Another object of the present invention is to provide an integrated
multiple valve unit in which at least one valve assembly of the
type in which a pair of discharge ports are intercommunicated, is
inserted in each hydraulic circuit so that the problem of the
difference in pressures acting on the opposite ends of the valve
spool may be eliminated, thereby preventing the erratic operation
or breakdown such as burning of the coils of the solenoid
valves.
Another object of the present invention is to provide an integrated
multiple valve unit in which adjacent to a valve assembly to be
remote controlled there is disposed a valve assembly of the type in
which the supply port or one of the intake ports is disconnected at
the midpoint in the valve plate opposed to the other valve
assemblies and is extended through the valve plate and communicated
with connection ports opening on both sides of the valve plate for
connection with a remote control unit or the like, whereby the
desired valve assembly may be connected to the remote control unit
or the like independently of other valve assemblies.
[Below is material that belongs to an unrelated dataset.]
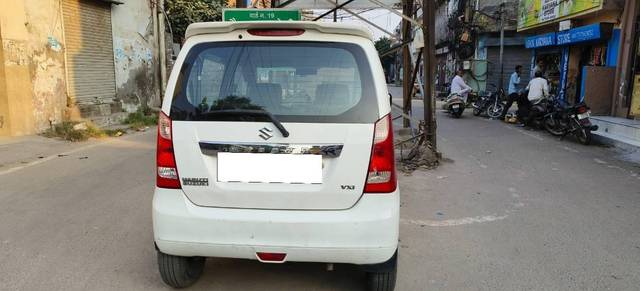 https://images10.gaadi.com/usedcar_image/4527999/original/processed_766d46ec-6307-4d8c-b832-493fb4156391.jpg?imwidth=6402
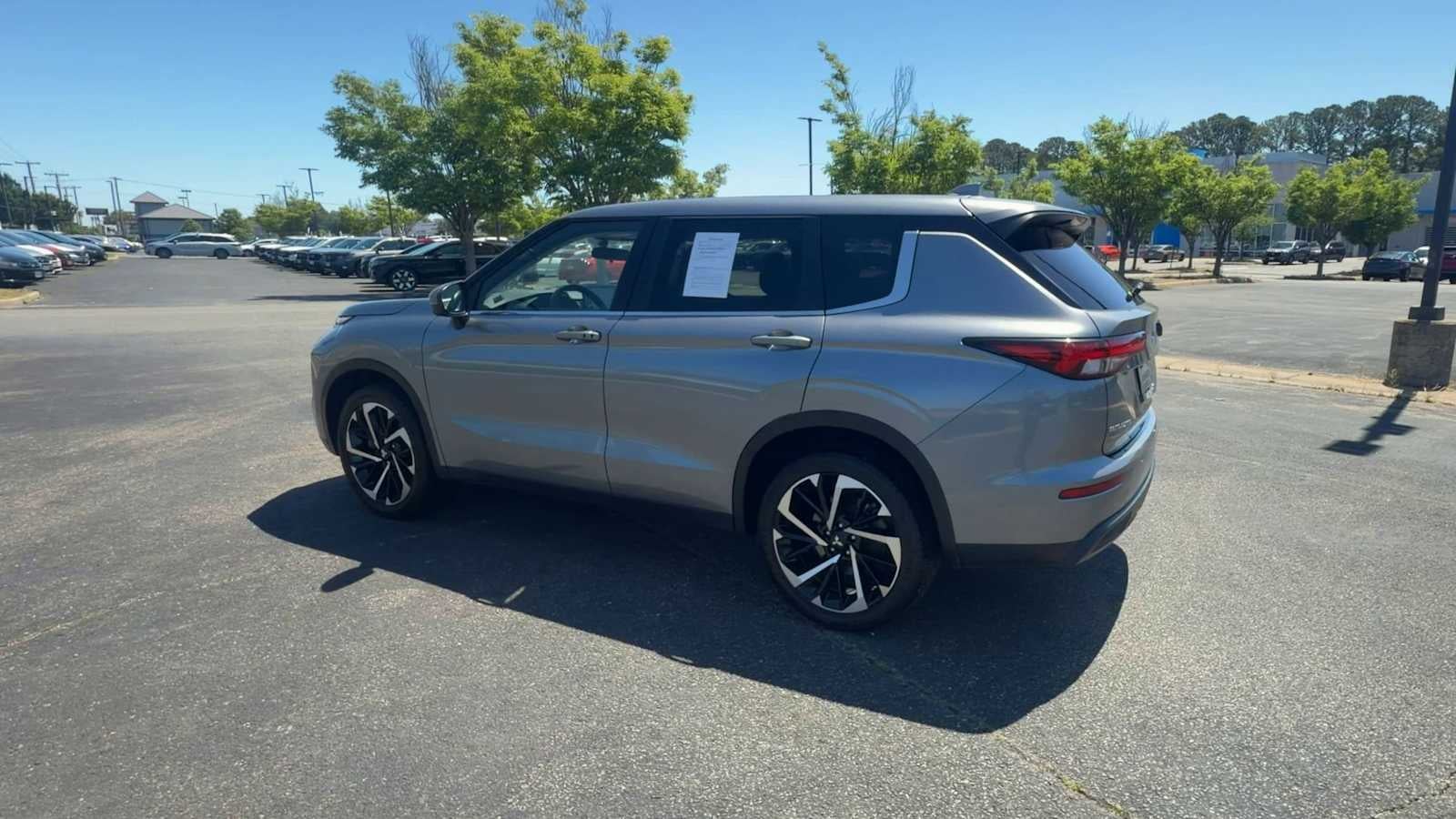 2024 Mitsubishi Outlander SE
The above and other objects, features and advantages of the present
invention will become more apparent from the following description
of some preferred embodiment thereof taken in conjunction with the
accompanying drawing.
BRIEF DESCRIPTION OF THE DRAWING:
FIG. 1 is a front view of a first embodiment of an integrated
multiple valve unit in accordance with the present invention;
FIG. 2 is a side view thereof;
FIG. 3 is a front view of a subplate thereof, fabricated by
casting;
FIG. 4 is a rear view thereof;
FIGS. 5, 6, 7 and 8 are respective sectional views taken along the
lines 5 -- 5, 6 -- 6, 7 -- 7 and 8 -- 8 of FIG. 3;
FIG. 9 is a front view of a subplate fabricated by machining;
FIGS. 10, 11, 12 and 13 are respective front views of a fourth,
third, second, and first plate which constitute together the
subplate shown in FIG. 9;
FIG. 14 is a longitudinal sectional view of a relief valve assembly
for a supply port;
FIG. 15 is a partly broken-away side view thereof;
FIG. 16 is a front view of a control valve assembly for an intake
port;
FIG. 17 is a sectional view taken along the line 17 -- 17 of FIG.
16;
FIG. 18 is a front view of a stop and nonreturn valve assembly;
FIGS. 19 and 20 are respective sectional views taken along the
lines 19 -- 19 and 20 -- 20 of FIG. 18;
FIG. 21 is a longitudinal sectional view of a relief valve assembly
for an intake prot having a passage;
FIG. 22 is a sectional view of an intercommunication valve
assembly;
FIG. 23 is a front view of a joint or connection valve assembly for
connecting a supply port to an exterior pipe;
FIGS. 24, 25 and 26 are sectional views taken along the lines 24 --
24, 25 -- 25 and 26 -- 26 of FIG. 23, respectively;
FIG. 27 is a front view of a connection valve assembly for
connecting an intake port to an exterior pipe; and
FIGS. 28 and 29 are sectional views taken along the lines 28 -- 28
and 29 -- 29 of FIG. 27, respectively.
DESCRIPTION OF THE PREFERRED EMBODIMENTS
FIGS. 1 and 2 illustrate a built-up type integrated multiple valve
unit as assembled and generally indicated by 30 in accordance with
the present invention. The multiple integrated valve unit 30
generally comprises a subplate 40, a plurality of variable kinds of
valve assemblies 70a, 70b, 70c, 70d, 70e, 70f, 70g, . . . and
solenoid valves 80. The valve assemblies 70 are mounted and stacked
upon the subplate 40 and thereafter the solenoid valves 80 are
mounted upon the stacked valve assemblies 70, as will be described
in more detail hereinafter.
The subplate 40 of the first embodiment is formed by casting. As
best shown in FIGS. 3 - 8, a plurality of valve mounting seats 41
(only three seats being shown) are formed in the subplate 40 spaced
apart by a distance l and in each seat 41 are formed a supply port
42, a discharge port 43 and two intake ports 44 and 45 in such a
manner that they mate with those of the solenoid valve 80 of a
standard type. As best shown in FIG. 4, intake ports 50 and 51 are
formed at the rear surface of the subplate 40 in zigzag position
and spaced apart from each other by l/2 (which equals half the
spacing l between the seats 41) both horizontally and vertically,
and are communicated with the intake ports 44 and 45 through
passages 48 and 49, respectively. At the lower portion of the
subplate 40 are formed a supply port 52 and a discharge port 53
spaced apart by l/2 from each other and the lowermost intake port
51. The supply and discharge ports 52 and 53 are communicated with
the supply and discharge ports 42 and 43 in the seats 41 through a
supply passage 54 and a discharge passage 55, respectively, and
through branch passages 56 and 57 (see FIG. 6).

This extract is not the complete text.